Because Teradata redistributes the data around the machine, you don't have to be picky with creating indexes on tables (apart from initially specifying which column(s) are used as a basis to distribute the data across the nodes). This helps if you have a big database but can't predict in what way people are going to query it, ie what columns are they going to join tables on, or have lower skillsets running analysis and writing queries that don't match expectations at design time.
Re the processors being virtualised is something to do with allowing load sharing to be tuned, presumably between i/o and cpu.

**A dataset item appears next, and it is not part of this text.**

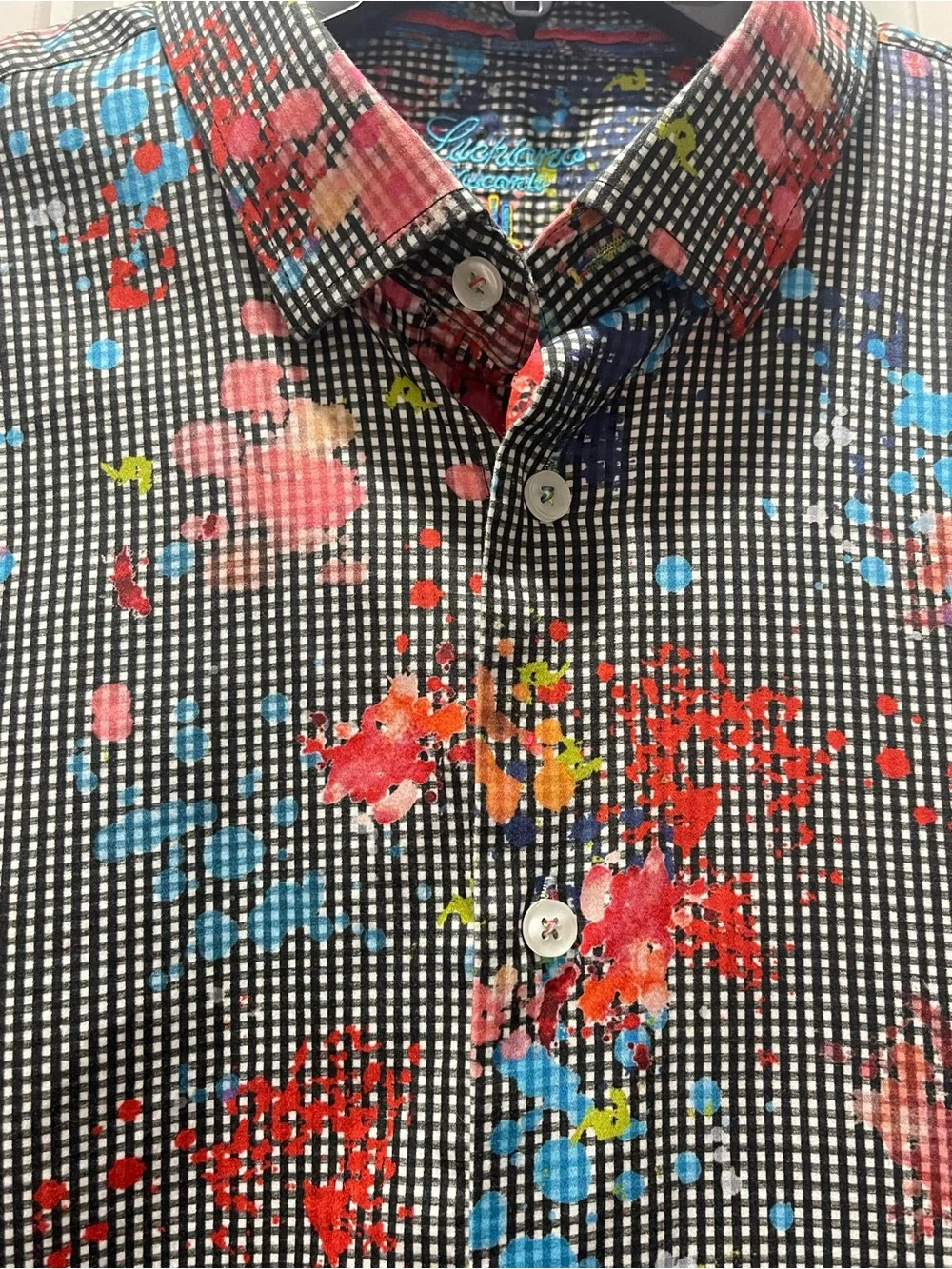 Luchiano Visconti Men’s Paint Splash Button Down Shirt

Well, that's the enterprise hardware market for you. Large companies will joyfully spend like 10x (or more) the cost of building a system for... well, I don't know what for. Everything I've read about Teradata is good, but in general color me cynical about this stuff. It seems like a lot of these big companies will buy a pre-made enterprise product to avoid the costs of doing it from scratch, only to spend more time and effort "integrating" or "customizing" the product than they would just building from scratch. My suspicion is the way many companies are structured, the red tape simply makes it impossible to do this stuff in-house.
@What do they add...
I argue ("that's not fair") that you had to be adding more, hence my question. I don't think you've answered it though. Step by step:;;
> Well, try an optimiser that almost always come up with an excellent query plan, no matter how complex the SQL...that's MUCH harder than it sounds.
* I know how hard it is, and in general it's totally impossible. I can give you simple sql that I'm sure you cannot automatically optimise (I discussed the example in email with Hugh Darwen and he agreed). And if by some magic you could, I guarantee I could find you one you could not. And it would not be large either.

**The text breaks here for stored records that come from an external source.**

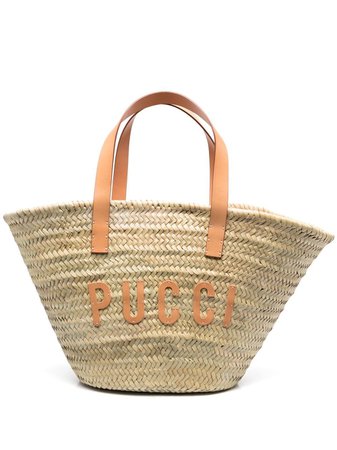 Emilio Pucci logo-patch Straw Beach Bag - Farfetch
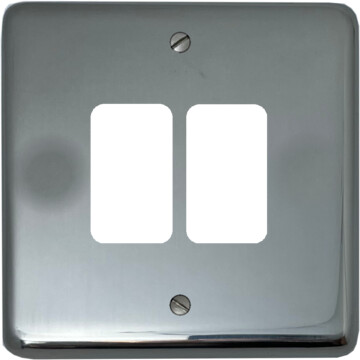 polished steel grid plate (2 gang) front fc0825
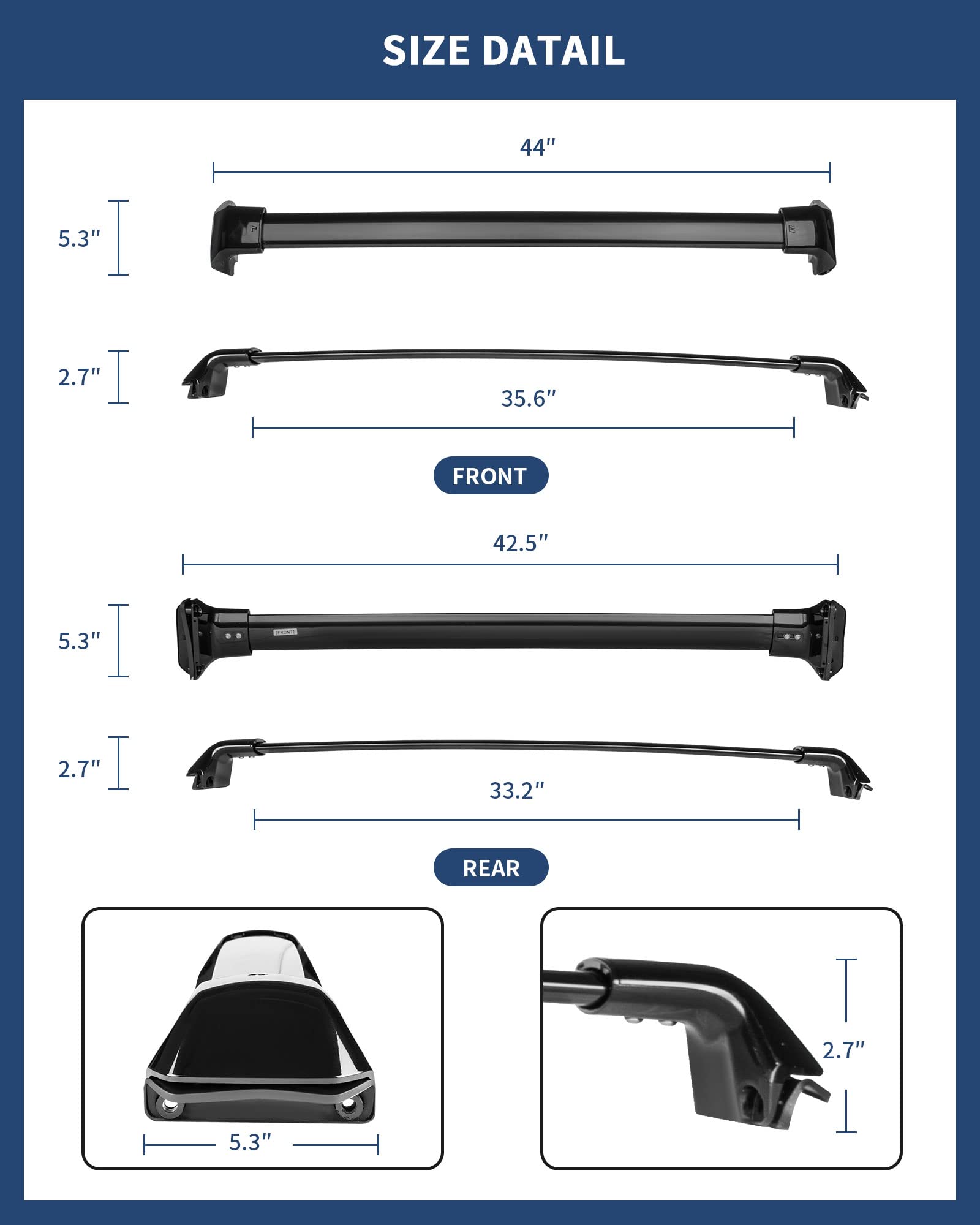 LEDKINGDOMUS Roof Rack Crossbars Compatible for 20122016 CRV with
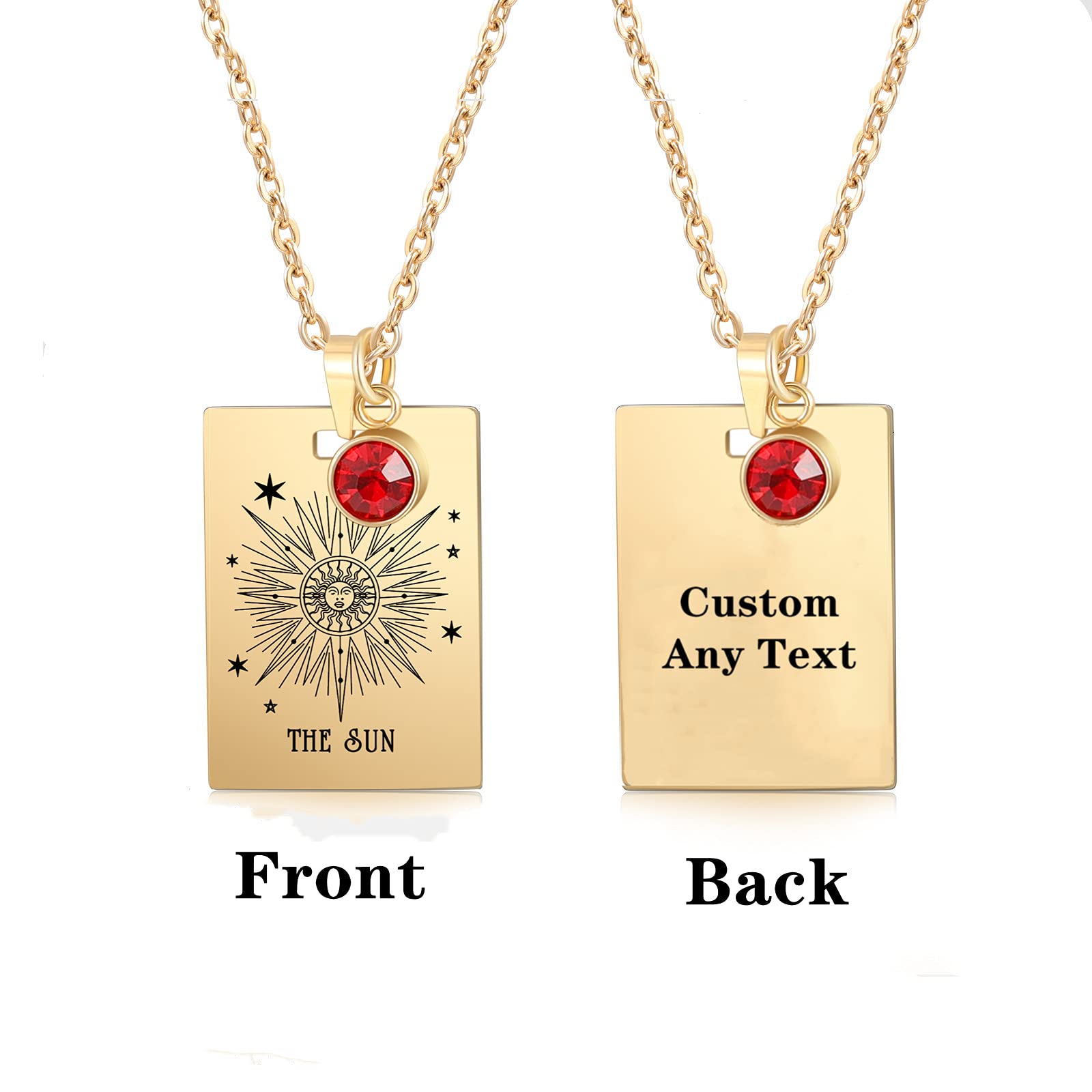 Personalized Gold Tarot Card Necklace with Birthstone - Custom Name Sun Pendant Jewelry for Women | Spiritual Gift, Boho Fashion Accessory for Daily Wear & Special Occasions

But from experience I know MSSQL can produce excellent query plans for some of the most horrid SQL I've ever seen. So buy MSSQL and drop it onto your stock hardware. NB. I don't work for MS.
> Try unconditional intra-node parallelism - 10 or 12 virtual processors, each owning a virtual disk, running on a single SMP node to tackle each query in parallel.
* Why not use real processors? Why virtualise the disk - all you risk getting is simultaneous reads fighting each other for access to the real disk. At that price you could use real processors each running a disk cluster. In other words, a roomful of bog-standard servers.
And MSSQL can run nicely on an SMP multiprocessor, doling out work to each core as necessary.
> Try automatic table space management, no matter how big the system.
* yeah right. Big DBs need big management. You may provide remote DBA time as part of the package, but that's not quite what you've described.
> Try linear scalability, certified to >1,000 SMP nodes.
* WTF are you doing with that much processing power? And how much would it cost? and how many big (yet bog-standard servers) could you buy and shove in a big room for the price you quote?
> Big banks, telcos and retailers have been using Teradata for decades because "it just works".
* hmmm. And again hmmmmm. Given how brilliantly bankers have recently proven to manage trillions of pounds of assets, says loads for their judgement.
But these days you can buy *big* stock hardware and run big DBs on it, with (what I understand to be) decent analysis tools. And analysis of data warehouses tends to be on large static snapshots, so it can be distributed freely, usually nightly after updating, and processed by multiple different boxes simultaneously. So what are you offering?
I'm afraid you haven't answered my question. And I'm not trying to be destructive, I'd really like to know.